**WHAT YOU HAVE TO DO**. Transcribe the stretch of entries below from the line with "Sealey Fold Down" through the line with "PowerRelief Pro –", exactly and with both ends included; leave out all other lines.

Top of AVAILABLE DATA

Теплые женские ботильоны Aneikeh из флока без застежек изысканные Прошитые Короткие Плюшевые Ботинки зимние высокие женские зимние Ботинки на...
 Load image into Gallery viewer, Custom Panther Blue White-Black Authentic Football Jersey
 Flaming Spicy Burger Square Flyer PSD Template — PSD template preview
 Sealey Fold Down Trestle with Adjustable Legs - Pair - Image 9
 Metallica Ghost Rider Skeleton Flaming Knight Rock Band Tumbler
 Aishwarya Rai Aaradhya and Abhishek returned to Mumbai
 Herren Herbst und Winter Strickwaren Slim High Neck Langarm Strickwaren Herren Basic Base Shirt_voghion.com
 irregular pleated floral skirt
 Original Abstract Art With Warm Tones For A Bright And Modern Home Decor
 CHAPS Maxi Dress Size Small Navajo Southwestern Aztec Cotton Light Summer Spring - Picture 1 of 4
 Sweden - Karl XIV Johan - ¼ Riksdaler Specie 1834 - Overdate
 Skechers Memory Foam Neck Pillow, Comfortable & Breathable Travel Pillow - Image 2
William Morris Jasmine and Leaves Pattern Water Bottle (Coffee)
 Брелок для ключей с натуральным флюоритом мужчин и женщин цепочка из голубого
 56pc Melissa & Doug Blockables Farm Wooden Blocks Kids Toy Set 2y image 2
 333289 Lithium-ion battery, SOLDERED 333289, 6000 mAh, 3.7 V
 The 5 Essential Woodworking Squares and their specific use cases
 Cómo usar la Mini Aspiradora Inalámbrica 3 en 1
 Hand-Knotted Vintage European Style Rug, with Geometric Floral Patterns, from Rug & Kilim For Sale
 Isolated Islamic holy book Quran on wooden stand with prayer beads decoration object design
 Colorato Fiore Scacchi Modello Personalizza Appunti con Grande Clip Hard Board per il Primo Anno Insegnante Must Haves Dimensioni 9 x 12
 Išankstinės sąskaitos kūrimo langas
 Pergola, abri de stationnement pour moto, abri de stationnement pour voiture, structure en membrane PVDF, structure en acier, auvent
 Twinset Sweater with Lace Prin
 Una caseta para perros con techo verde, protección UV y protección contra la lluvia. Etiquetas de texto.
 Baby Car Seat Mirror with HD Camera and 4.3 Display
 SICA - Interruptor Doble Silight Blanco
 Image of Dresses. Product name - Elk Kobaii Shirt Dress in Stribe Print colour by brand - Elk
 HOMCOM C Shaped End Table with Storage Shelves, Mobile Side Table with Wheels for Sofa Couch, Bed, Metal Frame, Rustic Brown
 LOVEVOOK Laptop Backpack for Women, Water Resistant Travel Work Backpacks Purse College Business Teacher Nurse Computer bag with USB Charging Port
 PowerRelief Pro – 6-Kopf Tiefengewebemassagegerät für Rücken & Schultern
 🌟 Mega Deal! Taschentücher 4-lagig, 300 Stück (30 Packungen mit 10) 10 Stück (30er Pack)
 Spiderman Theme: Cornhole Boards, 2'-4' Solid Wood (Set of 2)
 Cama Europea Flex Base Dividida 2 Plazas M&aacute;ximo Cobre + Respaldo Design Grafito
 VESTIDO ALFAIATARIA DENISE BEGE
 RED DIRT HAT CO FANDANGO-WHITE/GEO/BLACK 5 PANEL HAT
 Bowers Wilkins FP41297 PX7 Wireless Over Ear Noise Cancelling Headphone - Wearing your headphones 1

Bottom of AVAILABLE DATA

**RESPONSE AREA**.
 Sealey Fold Down Trestle with Adjustable Legs - Pair - Image 9
 Metallica Ghost Rider Skeleton Flaming Knight Rock Band Tumbler
 Aishwarya Rai Aaradhya and Abhishek returned to Mumbai
 Herren Herbst und Winter Strickwaren Slim High Neck Langarm Strickwaren Herren Basic Base Shirt_voghion.com
 irregular pleated floral skirt
 Original Abstract Art With Warm Tones For A Bright And Modern Home Decor
 CHAPS Maxi Dress Size Small Navajo Southwestern Aztec Cotton Light Summer Spring - Picture 1 of 4
 Sweden - Karl XIV Johan - ¼ Riksdaler Specie 1834 - Overdate
 Skechers Memory Foam Neck Pillow, Comfortable & Breathable Travel Pillow - Image 2
William Morris Jasmine and Leaves Pattern Water Bottle (Coffee)
 Брелок для ключей с натуральным флюоритом мужчин и женщин цепочка из голубого
 56pc Melissa & Doug Blockables Farm Wooden Blocks Kids Toy Set 2y image 2
 333289 Lithium-ion battery, SOLDERED 333289, 6000 mAh, 3.7 V
 The 5 Essential Woodworking Squares and their specific use cases
 Cómo usar la Mini Aspiradora Inalámbrica 3 en 1
 Hand-Knotted Vintage European Style Rug, with Geometric Floral Patterns, from Rug & Kilim For Sale
 Isolated Islamic holy book Quran on wooden stand with prayer beads decoration object design
 Colorato Fiore Scacchi Modello Personalizza Appunti con Grande Clip Hard Board per il Primo Anno Insegnante Must Haves Dimensioni 9 x 12
 Išankstinės sąskaitos kūrimo langas
 Pergola, abri de stationnement pour moto, abri de stationnement pour voiture, structure en membrane PVDF, structure en acier, auvent
 Twinset Sweater with Lace Prin
 Una caseta para perros con techo verde, protección UV y protección contra la lluvia. Etiquetas de texto.
 Baby Car Seat Mirror with HD Camera and 4.3 Display
 SICA - Interruptor Doble Silight Blanco
 Image of Dresses. Product name - Elk Kobaii Shirt Dress in Stribe Print colour by brand - Elk
 HOMCOM C Shaped End Table with Storage Shelves, Mobile Side Table with Wheels for Sofa Couch, Bed, Metal Frame, Rustic Brown
 LOVEVOOK Laptop Backpack for Women, Water Resistant Travel Work Backpacks Purse College Business Teacher Nurse Computer bag with USB Charging Port
 PowerRelief Pro – 6-Kopf Tiefengewebemassagegerät für Rücken & Schultern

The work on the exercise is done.